The Supreme Court ultimately decided that the path lies somewhere in between. It rejected Ms. Young’s argument because it was tantamount to a grant of unconditional “most-favored-nation” status to pregnant women, a status not intended by Congress. “It does not say that the employer must treat pregnant employees the ‘same’ as ‘any other persons’ (who are similar in their ability or inability to work), nor does it otherwise specify which other persons Congress had in mind.”
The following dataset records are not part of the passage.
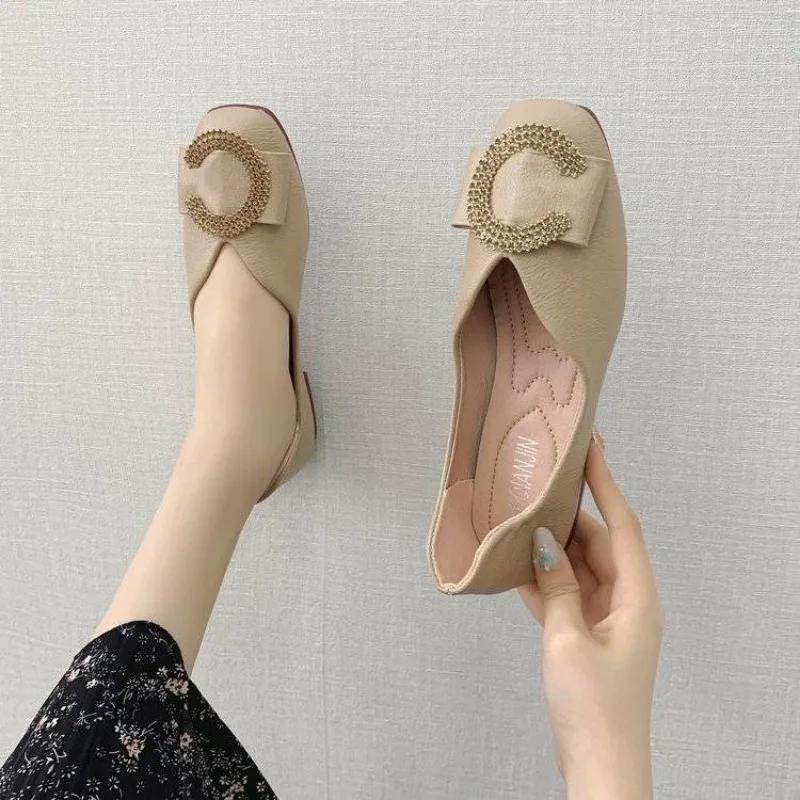 Fashion Office Low Heel Elegant Shoes for Women Red Black Woman Flats Non Slip High Quality Fashion Fashionable Social Casual Stylish 39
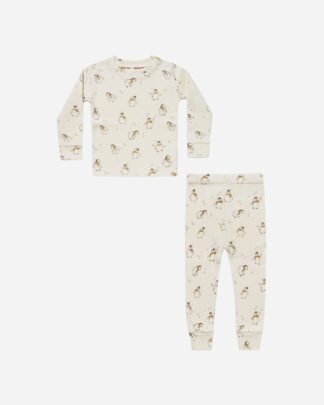 Rylee + Cru Organic Long Sleeve Pajama Set In Penguins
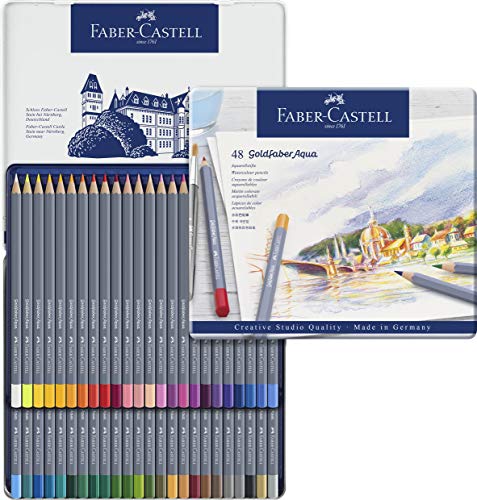 Faber-Castell 114648 - Estuche de metal con 48 ecolápices acuarelables hexagonales Goldfaber Aqua, colores surtidos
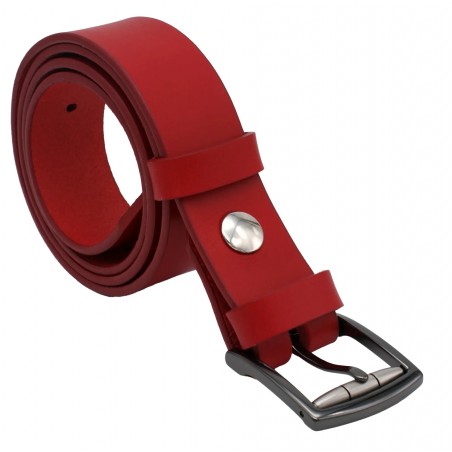 Ceinture en cuir Rouge 3,5 cm boucle 12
UPS’ argument that the language of the PDA’s second clause does not expand the rights of pregnant women beyond defining sex discrimination to include pregnancy discrimination was also rejected by the Court. The Court discussed at great length Congress’ intent to overrule the U.S. Supreme Court’s decision in General Electric Company v. Gilbert with the PDA. In Gilbert, the company policy provided “nonoccupational sickness and accident benefits to all employees” but did not provide “disability-benefit payments for any absence due to pregnancy.” The Gilbert Court did not see the policy as a pretext for gender-based discrimination, which caused Congress to enact the second clause of the PDA and illustrate how “discrimination against pregnancy is to be remedied.”
A plaintiff alleging pregnancy discrimination must first show that she belongs to a protected class, that she asked for accommodation, and that her employer accommodated other employees. Once a plaintiff has met that burden, the employer must show that it refused to accommodate the pregnancy for reasons that were legitimate and non-discriminatory. The Court held:
“the reasons normally cannot consist simply of a claim that it is more expensive or less convenient to add pregnant women to the category of those (‘similar in their ability or inability to work’) who the employer accommodates.”
Once the employer has met the above burden, the employee may then show that the employer’s proffered reasons are a pretext for discrimination.
“We believe that the plaintiff may reach a jury on this issue by providing sufficient evidence that the employer’s policies impose a significant burden on pregnant workers, and the employer’s ‘legitimate, nondiscriminatory’ reasons are not sufficiently strong to justify the burden, but rather-when considered along with the burden imposed-give rise to an inference of intentional discrimination.”
For example, Ms. Young may be able to show that UPS accommodated a large number of non-pregnant workers with lifting restrictions while always refusing to accommodate a large number of pregnant workers with those same lifting restrictions. Ms. Young may further argue that UPS’s justification for making that distinction is not strong enough and showed a pretext for discrimination.
The case was remanded back to the Fourth Circuit Court of Appeals for review of the combined effect of UPS’ separate accommodation policies and the strength of UPS’ justification for not accommodating pregnant women to see if Ms. Young has created a genuine issue of material fact that should go before a jury.